* [EXERCISE OBJECTIVE] The expected output is the full set of entries, retyped verbatim, pictures excluded.

Caption-style text data
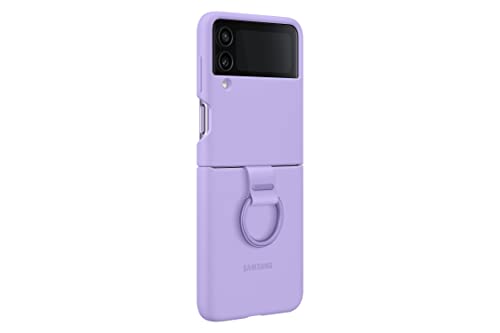 Image of Samsung Galaxy Z Flip 4 Silicone Cover with Ring, Protective Phone Case with Finger Loop, Matte Finish, Bold Style, Handheld Design, US Version, Bora Purple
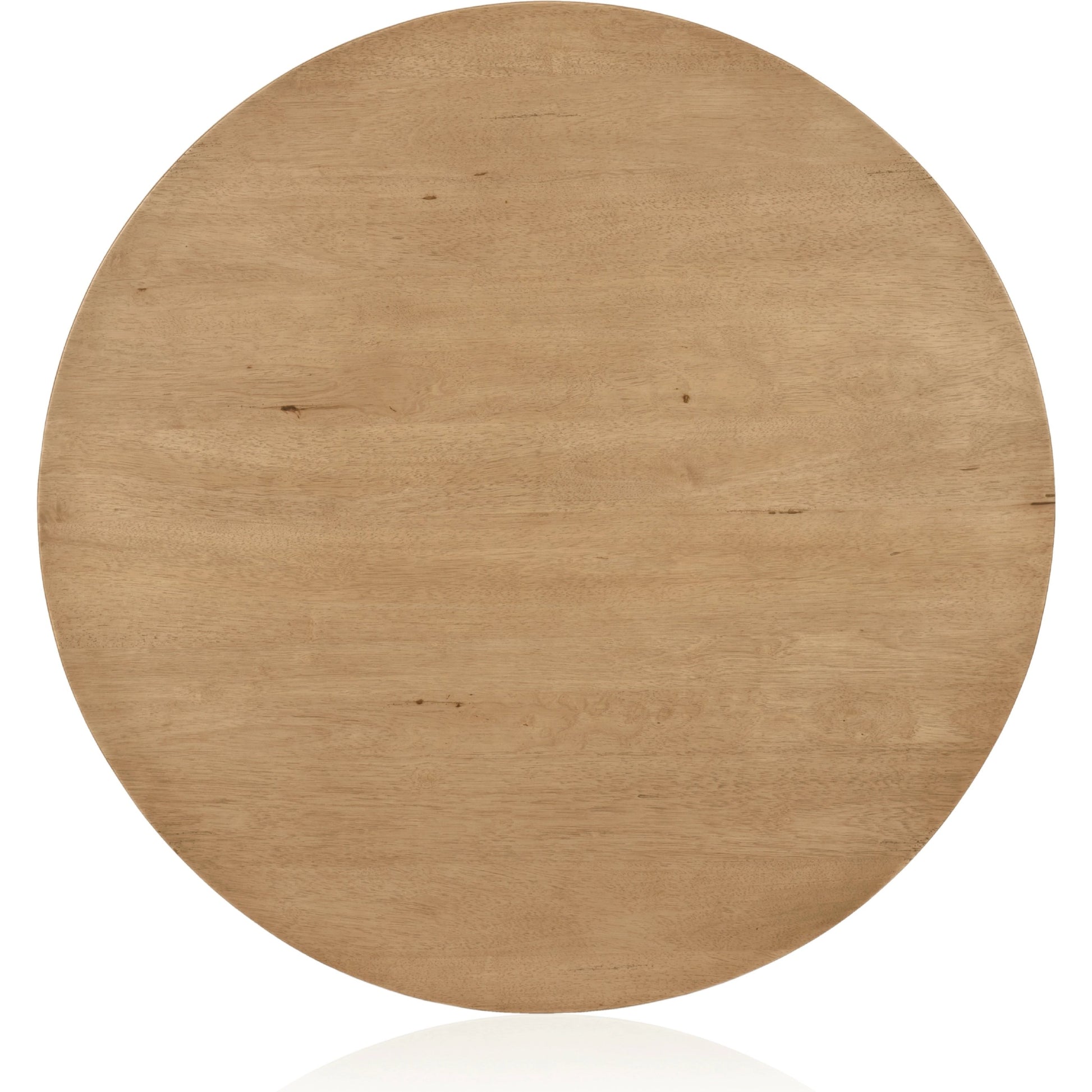 Mesa Large Round Coffee Table by Four Hands in light brushed parawood. Made from solid parawood, iron in a modern style.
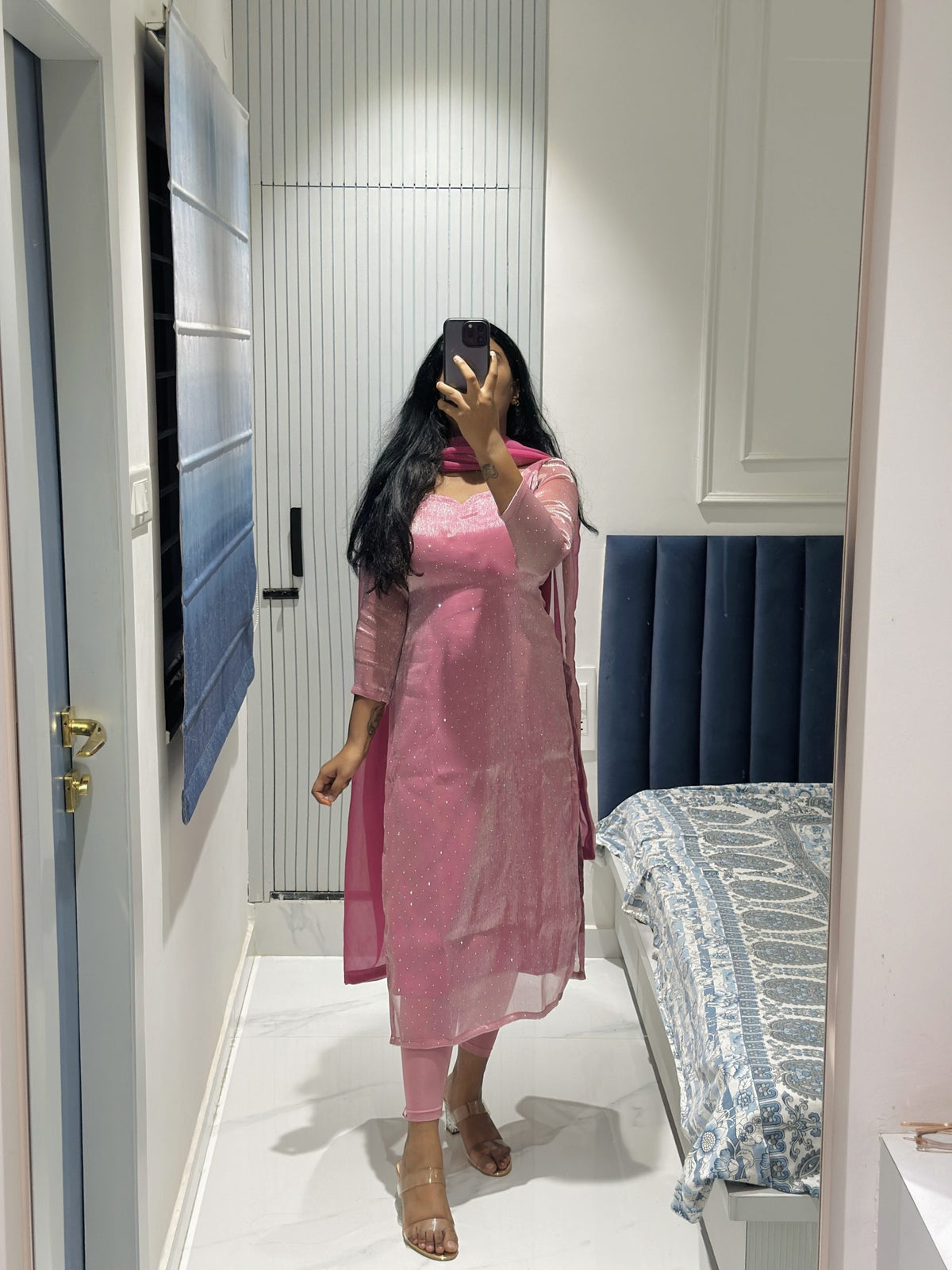 Light pink viscose tissue kurta in Viscose Tissue – Kurta Set by Dharvi by Rachana (view 4)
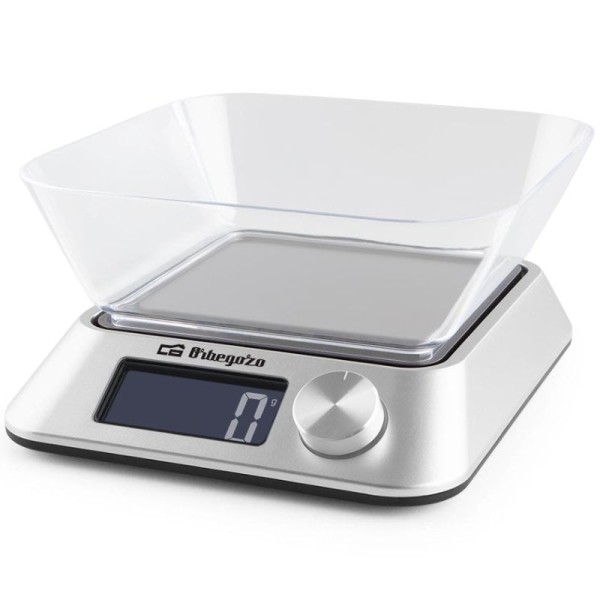 Báscula de Cocina Electrónica Orbegozo PC 1030 A/ hasta 5kg/ Plata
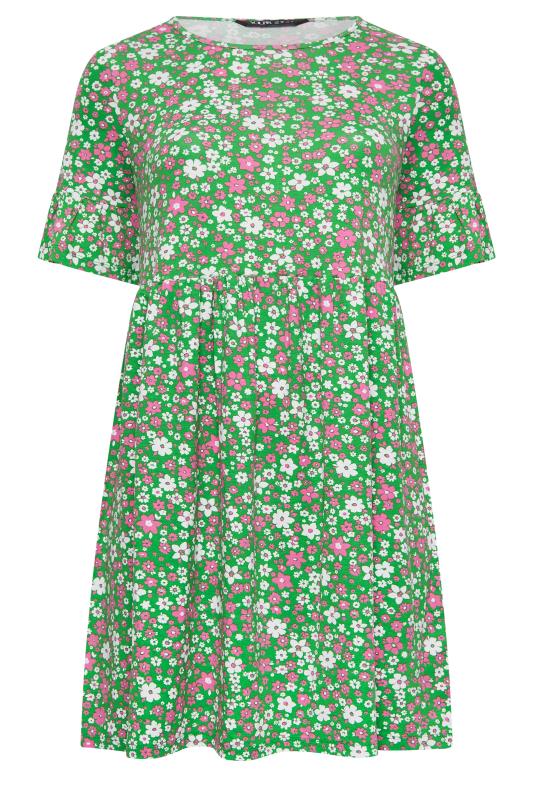 YOURS Curve Plus Size Green Floral Tunic Dress | Yours Clothing  6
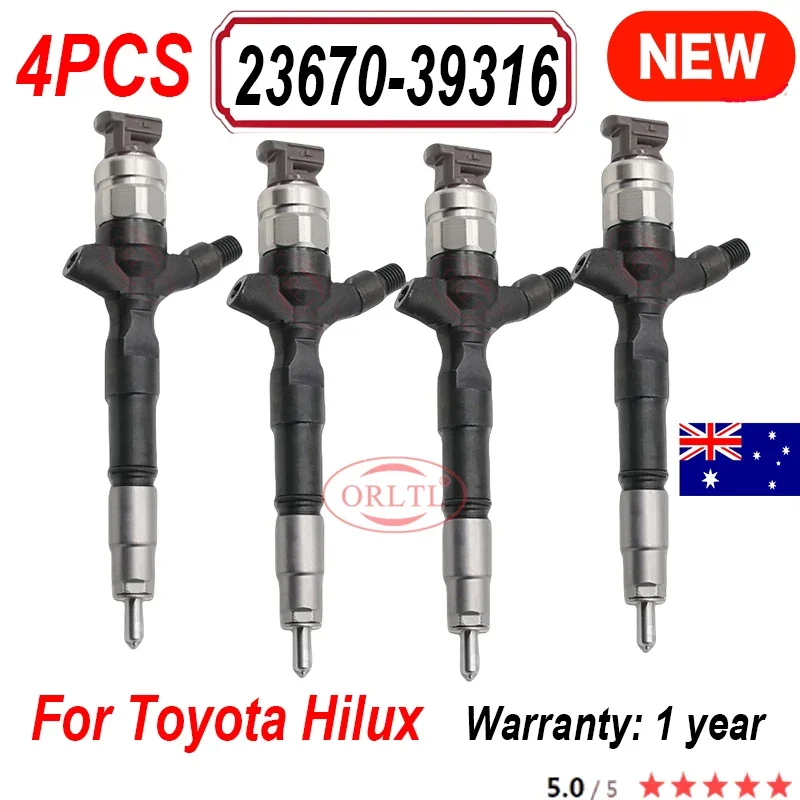 

4 PCS 23670-39316 Genuine Fuel Injector 2367039316 Nozzle 23670 39316 for Toyota Hilux 1kd-Ftv/2kd 23670-39315 ORLTL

* [RESULT FOR THIS EXERCISE]
 Image of Samsung Galaxy Z Flip 4 Silicone Cover with Ring, Protective Phone Case with Finger Loop, Matte Finish, Bold Style, Handheld Design, US Version, Bora Purple
 Mesa Large Round Coffee Table by Four Hands in light brushed parawood. Made from solid parawood, iron in a modern style.
 Light pink viscose tissue kurta in Viscose Tissue – Kurta Set by Dharvi by Rachana (view 4)
 Báscula de Cocina Electrónica Orbegozo PC 1030 A/ hasta 5kg/ Plata
 YOURS Curve Plus Size Green Floral Tunic Dress | Yours Clothing  6

4 PCS 23670-39316 Genuine Fuel Injector 2367039316 Nozzle 23670 39316 for Toyota Hilux 1kd-Ftv/2kd 23670-39315 ORLTL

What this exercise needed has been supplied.